Observations accumulated over the last decade have led to a consensus that at least some GRBs mark the death throes of a giant star as its core collapses to form a black hole. Until now, it has generally been thought that the black hole ejects a jet of plasma (extremely hot gas) which is blasted outwards at close to the speed of light.
This theory is called into question by a new study led by Pawan Kumar from the University of Texas. The work has been accepted for publication in the journal Monthly Notices of the Royal Astronomical Society.
Scientists have long speculated that the gamma-ray emission we see comes from fluctuations in the speed of the ejected material. The faster and slower ejecta collide, producing shocks in the jet which result in the emission of gamma-rays. Although this internal shock model is the standard explanation, it relies on the jet consisting of ordinary matter the same sort of material that we are made from or what scientists call baryons.
Now, however, Pawan Kumar and colleagues have cast doubt on this model.
Instead of the GRBs being generated by internal shocks, Kumar's team finds that the jet is actually a powerful magnetic outflow which transports huge amounts of energy away from the collapsed star.
Using data from the Swift satellite, Professor Kumar's team has analysed a sample of 10 gamma-ray bursts that were recorded between January 2005 and May 2006. In each case, Swift collected gamma-ray, X-ray and optical light immediately after the explosions were detected. Such multi-wavelength observations are essential if the researchers are to understand what happens after the brief burst fades and the source object is only visible in X-rays or visible light.

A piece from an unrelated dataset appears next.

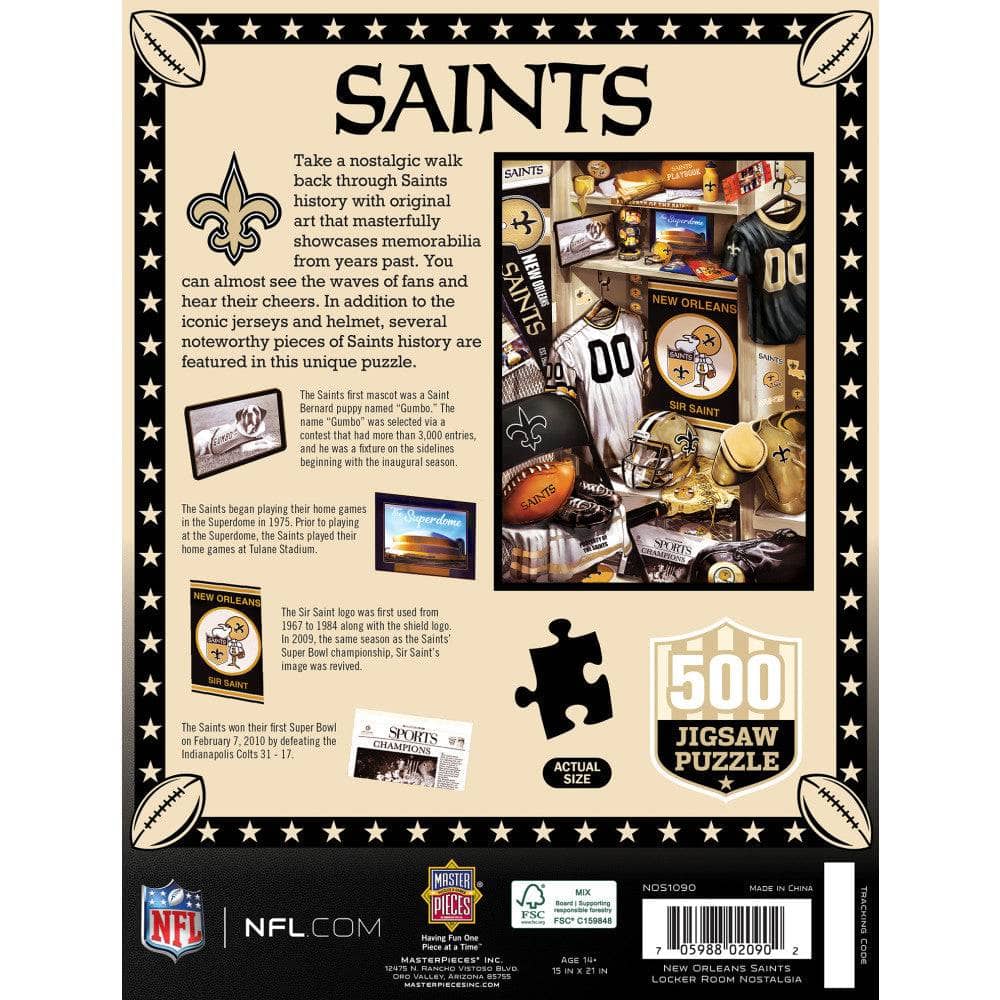 New Orleans Saints Locker Room 500 Piece Jigsaw Puzzle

"Swift is uniquely capable of such simultaneous multi-wavelength observations," says Neil Gehrels of NASA's Goddard Space Flight Center, Principal Investigator for the Swift satellite.
The new study reveals the physical process responsible for the generation of gamma-ray radiation and the distance from the black hole where this radiation is produced.
"The gamma-ray source is located about 10 billion km from the black hole, or 100 times further than previously thought," says Kumar. "This and several other lines of evidence put forward in our work suggest that the outflow is dominated by the magnetic field."
The data indicate that a magnetic jet decays into gamma-rays. The subsequent interaction (of the jet) with the surrounding gas causes intense heating and this produces an afterglow that is seen at X-ray and visible light wavelengths.
"In just a few seconds gamma-ray bursts emit as much energy as the Sun does in 10 billion years," says Paul O'Brien from the University of Leicester, a co-investigator on the project. "The Swift observations are telling us that this emission is due to an outflow in which magnetic fields transport the energy. If confirmed, this will alter our view of how these objects work."
"Using the Swift data we can accurately measure the times when the prompt emission stops and the afterglow becomes visible," said Richard Willingale, also from the University of Leicester. "These times constrain the distance of the emitting region from the black hole and hence the physical processes involved."
Since its launch November 20, 2004, Swift has observed over 200 gamma-ray bursts and provides prompt data on almost all of them.
"Swift can turn and observe a gamma-ray burst with its X-ray and optical telescopes in just a few tens of seconds," says David Burrows from Pennsylvania State University, lead investigator for the X-ray telescope on Swift. "This capability allows us to capture a snapshot of the early emission which carries information on the physical processes involved."